* **Record excerpts**:
-- Opening Marker --
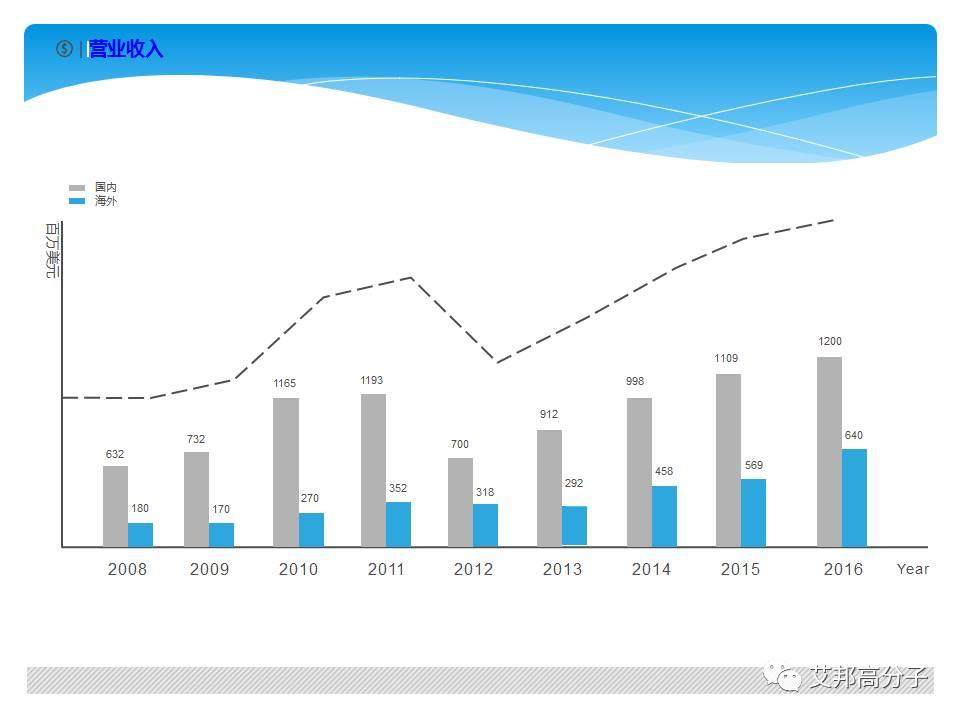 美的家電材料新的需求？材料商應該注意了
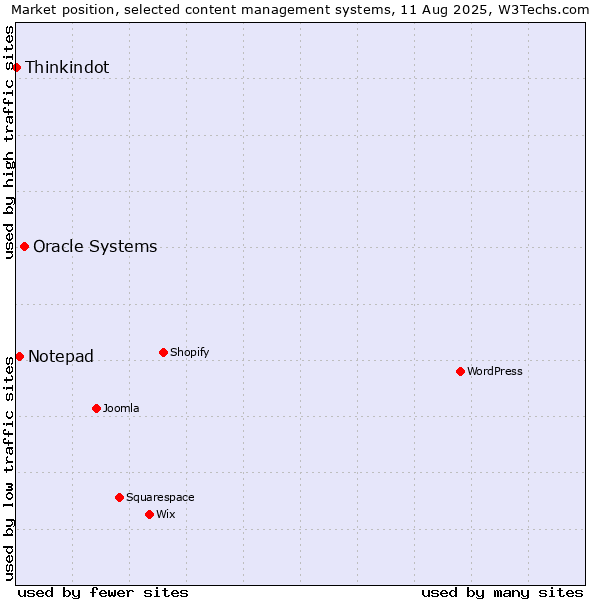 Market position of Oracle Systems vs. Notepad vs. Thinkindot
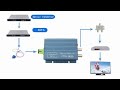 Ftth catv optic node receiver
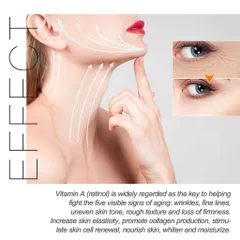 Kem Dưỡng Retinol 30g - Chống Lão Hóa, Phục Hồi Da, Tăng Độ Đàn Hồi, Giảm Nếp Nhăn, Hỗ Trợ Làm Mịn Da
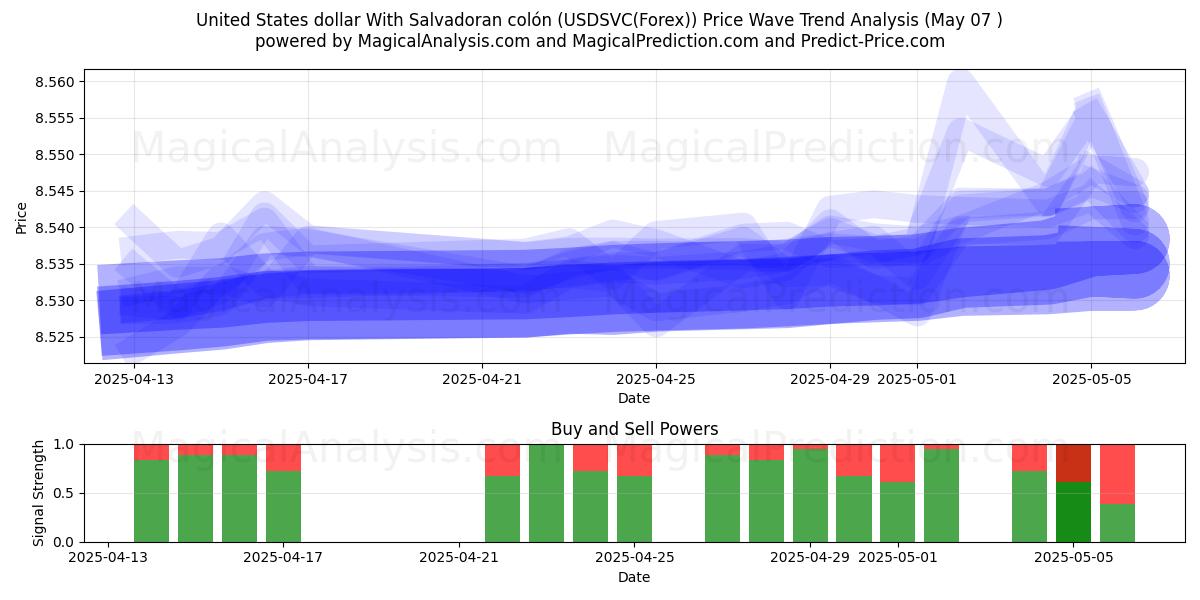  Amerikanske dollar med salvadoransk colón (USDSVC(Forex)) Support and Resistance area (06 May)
-- Closing Marker --
* **Work request**:
The listing above should be returned word for word, with pictures omitted.

* **Answer box**:
 美的家電材料新的需求？材料商應該注意了
 Market position of Oracle Systems vs. Notepad vs. Thinkindot
 Ftth catv optic node receiver
 Kem Dưỡng Retinol 30g - Chống Lão Hóa, Phục Hồi Da, Tăng Độ Đàn Hồi, Giảm Nếp Nhăn, Hỗ Trợ Làm Mịn Da
  Amerikanske dollar med salvadoransk colón (USDSVC(Forex)) Support and Resistance area (06 May)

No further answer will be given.